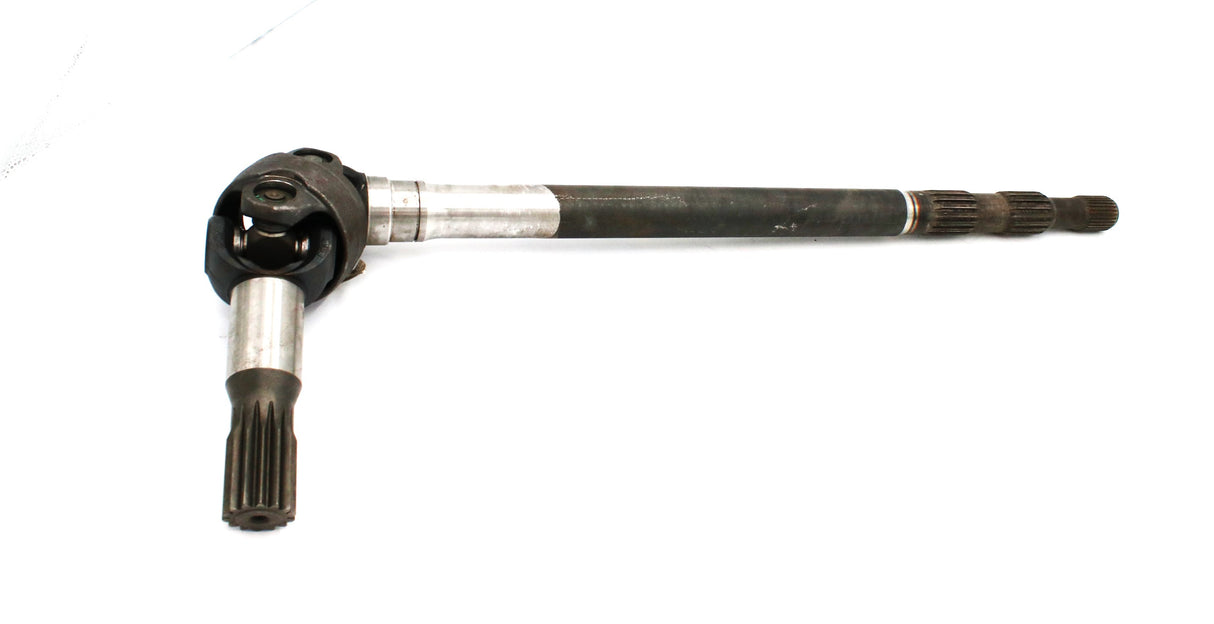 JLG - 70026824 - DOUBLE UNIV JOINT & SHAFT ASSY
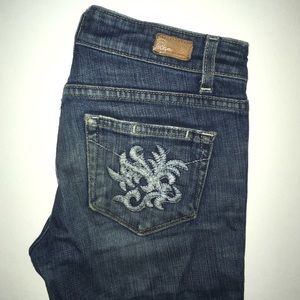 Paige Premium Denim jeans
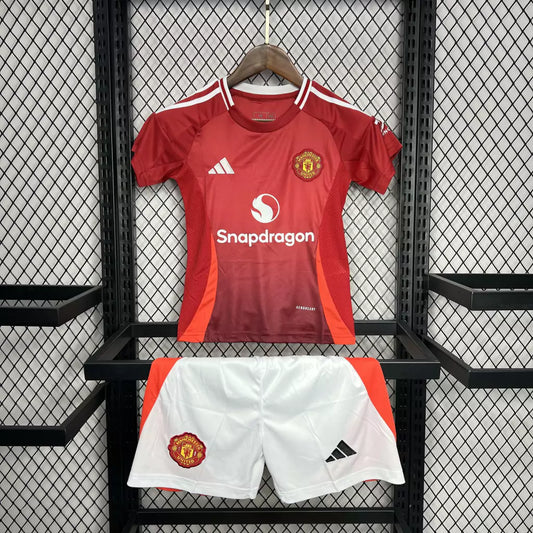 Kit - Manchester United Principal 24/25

...

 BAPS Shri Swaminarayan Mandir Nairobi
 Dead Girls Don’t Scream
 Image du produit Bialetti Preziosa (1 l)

Task: Repeat, exactly as they stand above, the lines from the line with "BAPS Shri Swaminarayan Mandir Nairobi" to the line with "Image du produit Bialetti Preziosa (1 l)", both lines included.

Finished task:
 BAPS Shri Swaminarayan Mandir Nairobi
 Dead Girls Don’t Scream
 Image du produit Bialetti Preziosa (1 l)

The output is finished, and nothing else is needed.